Trust Region Value Function Estimation
The loss for value function used in GAE is simple mean square error constrained by a trust region. More specifically, we define the objective as
\[\begin{align} \min_\phi\quad& L(\phi)=\mathbb E\left[\left\Vert V_\phi(s_t)-\hat V_t\right\Vert^2\right]\\\ s.t.\quad&\mathbb E\left[{\left\Vert V_\phi(s_t)- V_{\phi_{old}}(s_t)\right\Vert^2\over 2\sigma^2}\right]\le\epsilon \end{align}\]where \( \sigma^2=\mathbb E\left[\left\Vert V_{\phi_{old}}-\hat V_t\right\Vert^2\right] \) is computed before optimization. This is solved in a similar procedure as TRPO does:
- By making linear approximation to the objective and quadratic approximation to the constraint, we end up with the objective and constraint
- Compute the step direction \( s \) — using conjugate gradient algorithm to solve \( Hs=g \).
- Rescale \( s \) to \( \alpha s \) such that \( {1\over 2}(\alpha s)^TH(\alpha s)=\epsilon \) and take \( \phi=\phi_{old}+\alpha s \).
- Repeat the above process.
Policy Gradient Method
The choice of policy gradient method is rather relaxed, TRPO and PPO are all good candidates. In the paper, the authors perform TRPO for policy update.

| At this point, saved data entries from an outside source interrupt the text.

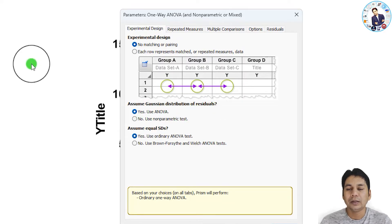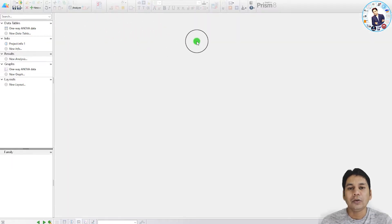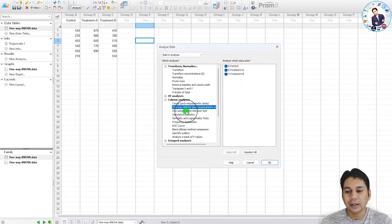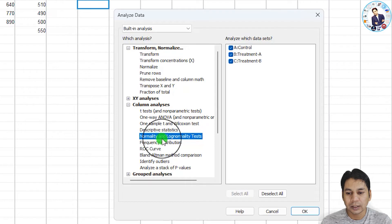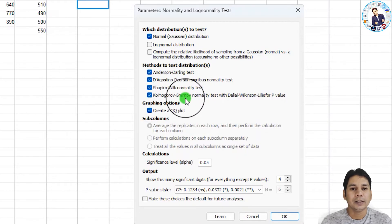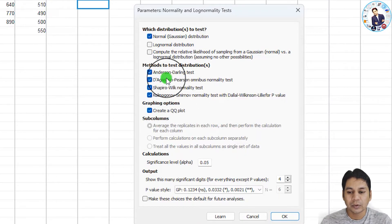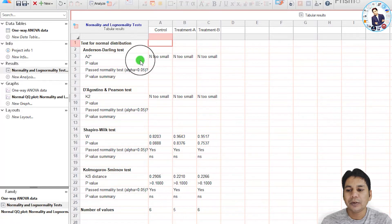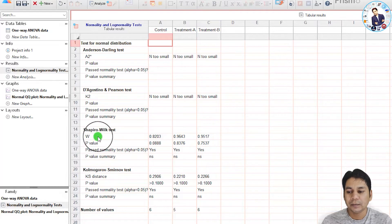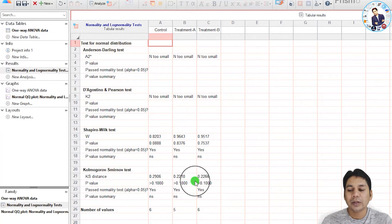You also need to assume a Gaussian distribution of residuals. To verify this, you can perform a normality test. Select your data, click 'Analyze', and in the column analysis select 'Normality and Lognormality Test', then click 'OK'. By default, all tests are selected, so leave that unchanged and click 'OK'. The first two tests show the sample is too small to perform, but the last two tests show the data passes the normality test — yes for all three groups — confirming the data is normally distributed.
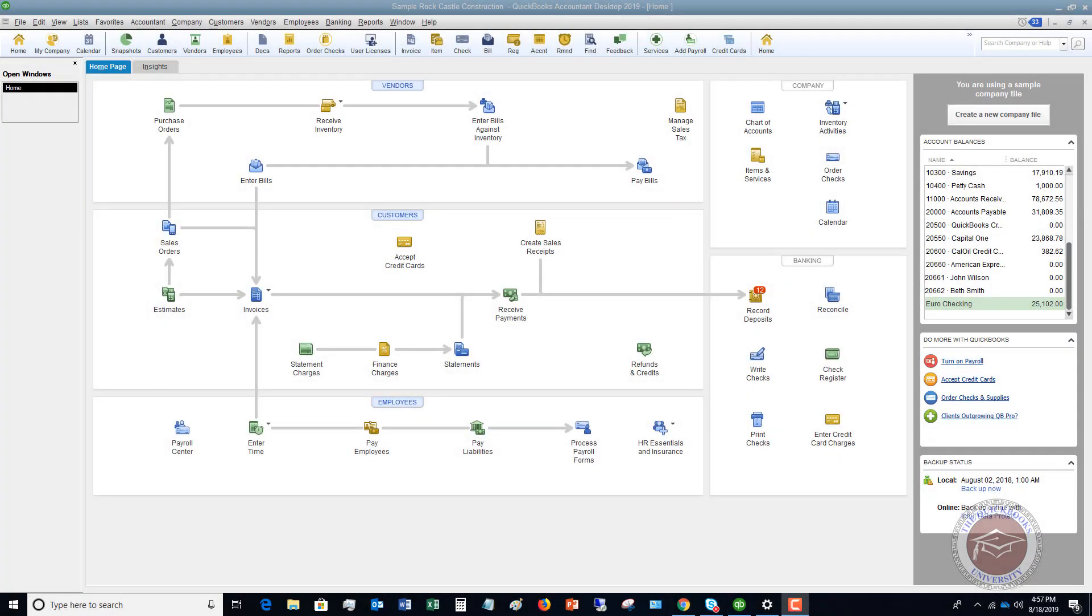Welcome to this QuickBooks 2019 tutorial for beginners on how to enter a credit card bill. My name is Matt Holtquist with the QuickBooks University, and I wanted to put together this video to show you because this comes up quite a bit. I get a lot of questions on this, and I see a lot of people do this incorrectly. So I wanted to just show you in general how to enter a credit card bill.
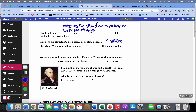We measure the amount of charge using a unit called a Coulomb. It's named for Charles Coulomb, a French physicist who did experiments with charge attraction.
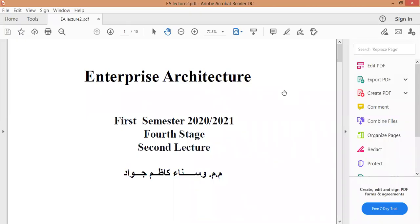السلام عليكم ورحمة الله وبركاته، رجعت لكم مرة ثانية، أنا المدرسة سناء كاظم جواد بمحاضرة ثانية عن Enterprise Architecture. Good morning students, we have the second lecture of the enterprise architecture.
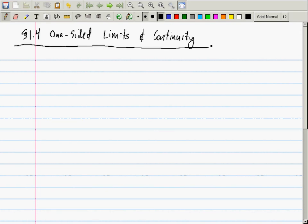This limiting procedure — that LIM as X goes to some value, then some expression that has weird problems — is about trying to see what the function does close to, but not at, a point. Close to, but not necessarily at, a point.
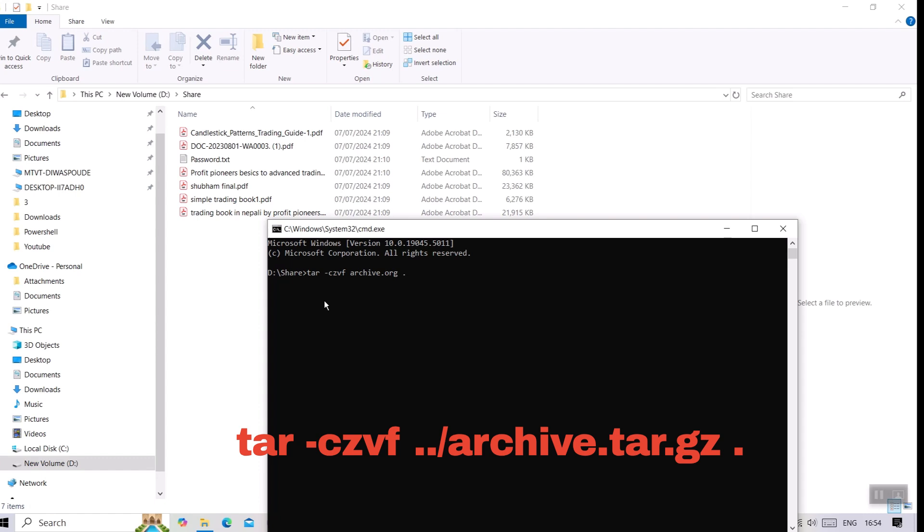Save this archive in the parent directory of the current working directory. Dot at last denotes copy all content of current directory.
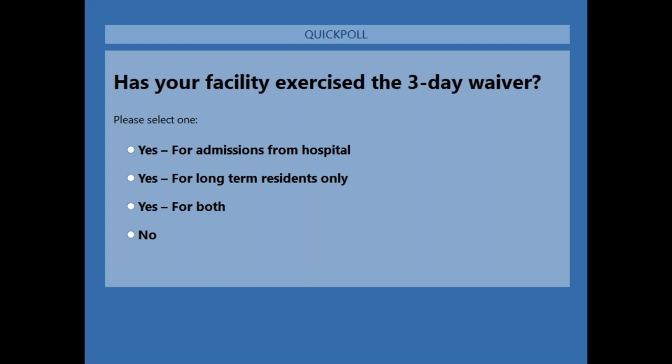Has your facility exercised the three-day waiver during this time period?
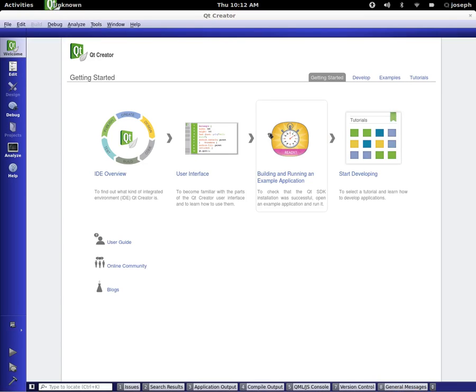Hello everybody, this is Joseph and welcome to another QML tutorial. In this tutorial we're going to continue down our road of animations and we're actually going to be talking about easing types and different types of curves. We've used them in the past but we didn't really get in depth with what they did.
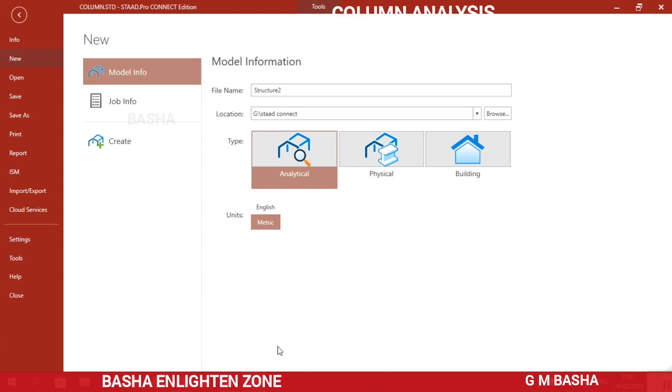Hello friends, in this lecture I would like to explain another topic — column analysis and design using Strad Pro connector software.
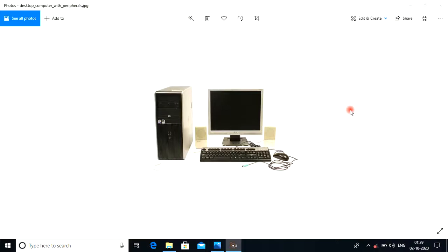Good afternoon, students. I am your computer sir. I am going to tell you about the basics of computer, which will cover computer science. It is important to learn computer.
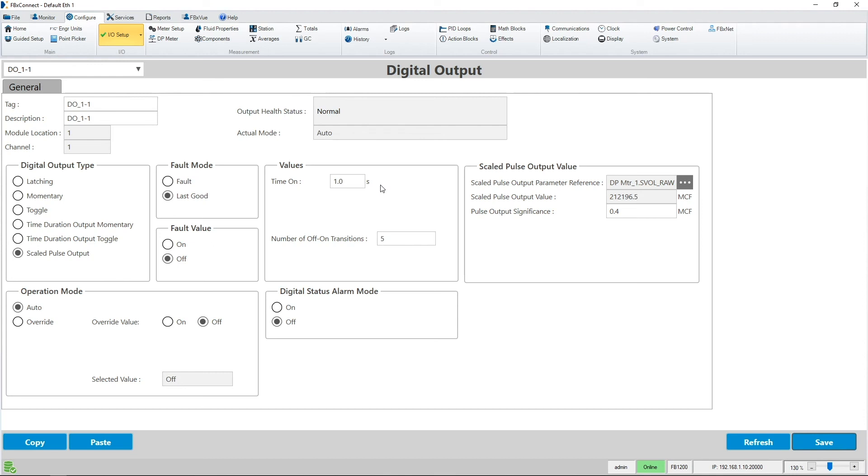Now you know how the scaled pulse output could be used with an odorizer or sampler to indicate to those devices using a DO pulse output when to inject odorant or to take a sample.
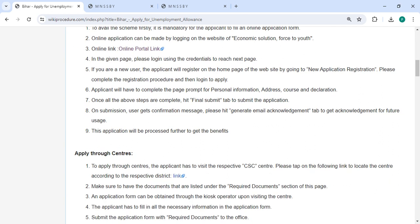Once all the steps are complete, please click on the Final Submit button to submit the application. On submission, the user gets a confirmation message. Please hit the Generate Email Acknowledgement tab to get the acknowledgement for future usage.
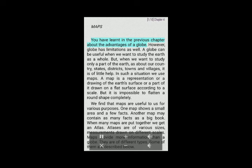You have learned in the previous chapter about the advantages of a globe. However, a globe has limitations as well. A globe can be useful when we want to study the earth as a whole. But when we want to study only a part of the earth, such as our country, states, districts, towns and villages, it is of little help. In such a situation we use maps. A map is a representation or a drawing of the earth's surface or a part of it drawn on a flat surface according to a scale.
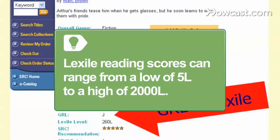Lexile reading scores can range from a low of 5L to a high of 2,000L. Higher Lexile measures represent a higher level of reading ability. Readers who score at or below 5L receive a measure of BR for beginning reader.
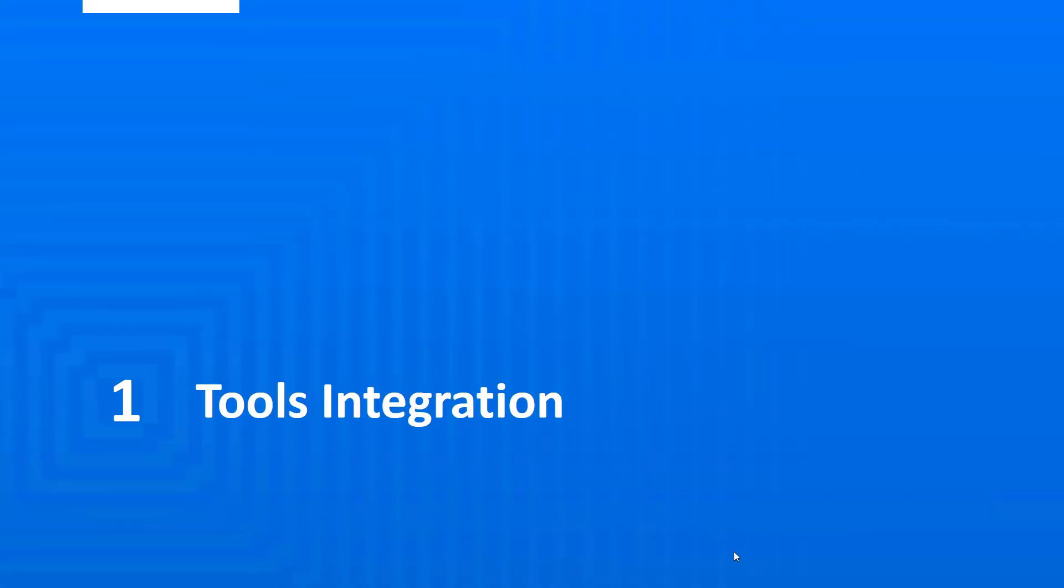The first capability we are going to look at that contributes towards modernizing development processes is tools integration: bringing together all the technology a developer needs and managing the workflow between those technologies.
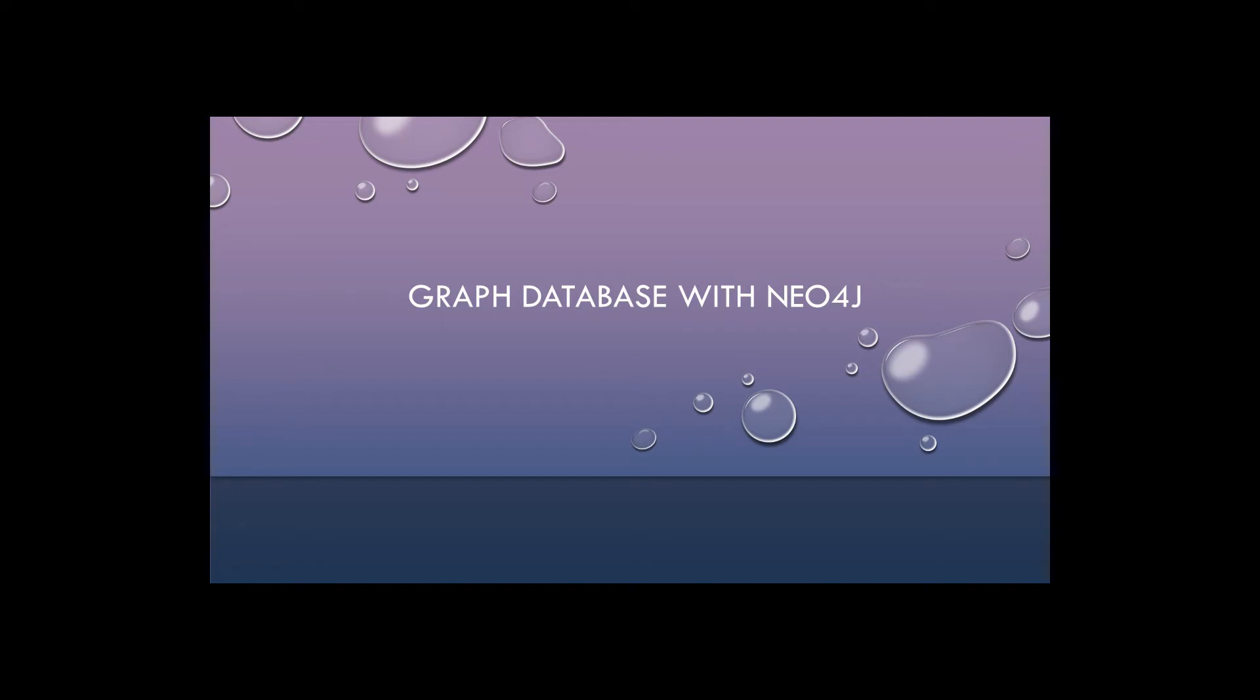In this video, I'm going to talk about the graph database with Neo4j and how to use it via C#, but let's talk about graph database first.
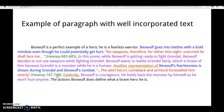'Evidently, Beowulf is courageous. He holds back the monster by himself so he won't hurt anyone.' So we are connecting those dots as to why the quote was within the text. Then we conclude the paragraph: 'The actions Beowulf does define what a brave hero he is.'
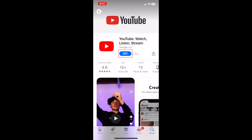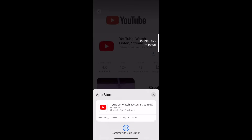Now tap Get to start downloading the app. If prompted, use Touch ID, Face ID, or enter your password to confirm that you want to download the app.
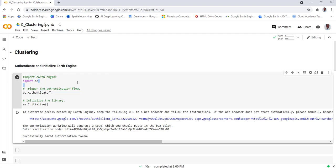Hi everyone. In this lecture, we'll talk about how you can map or classify a satellite image using unsupervised classification, specifically a clustering algorithm on the Earth Engine API. Let's get started.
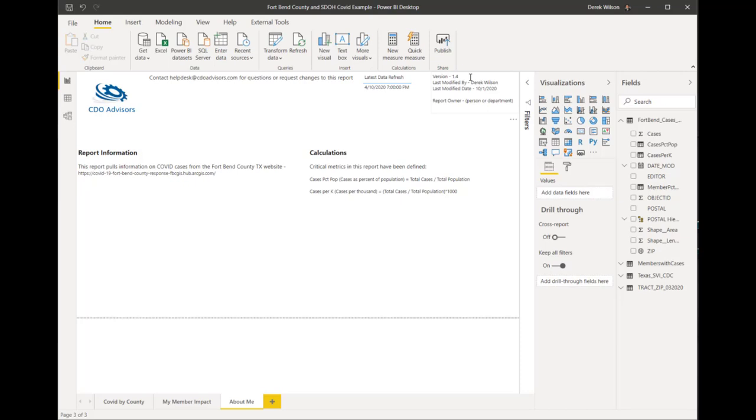And then some type of information around the version, so come up with your own internal versioning numbers. But here, every time I modify the report, I could do a 1.4, I could make it 1.4.1. Again, some way to know what version is on this PowerBI.com service versus what you may be modifying.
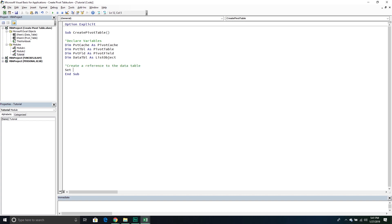Now we'll create a reference to the data table. I'll set that ListObject variable equal to the Worksheets collection, go into the data table worksheet, then go into the ListObjects collection belonging to that worksheet — and since there's only one, I'll reference the first one.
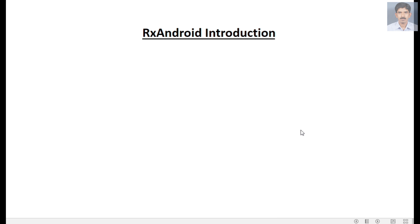Hello guys, welcome back to another Android tutorial. Today we are going to learn about reactive programming concepts in Android — specifically RxAndroid. RxAndroid is the JVM implementation of ReactiveX. Before going to create an Android application based on RxAndroid, you must have some basic concepts, so here I've created a simple presentation that gives you the basic concepts of RxAndroid.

For completeness, the whole algorithm for iteratively updating policy and value function is given below
Note that the advantage is computed before the value function update. The authors explain that additional bias would have been introduced if the value function was updated first. In practice, we generally normalize the advantage to have mean zero and standard deviation one to further stablize the process.
Supplementary Materials
Proof
We now prove that Equation \((2)\) is sufficient for Equation \((1)\)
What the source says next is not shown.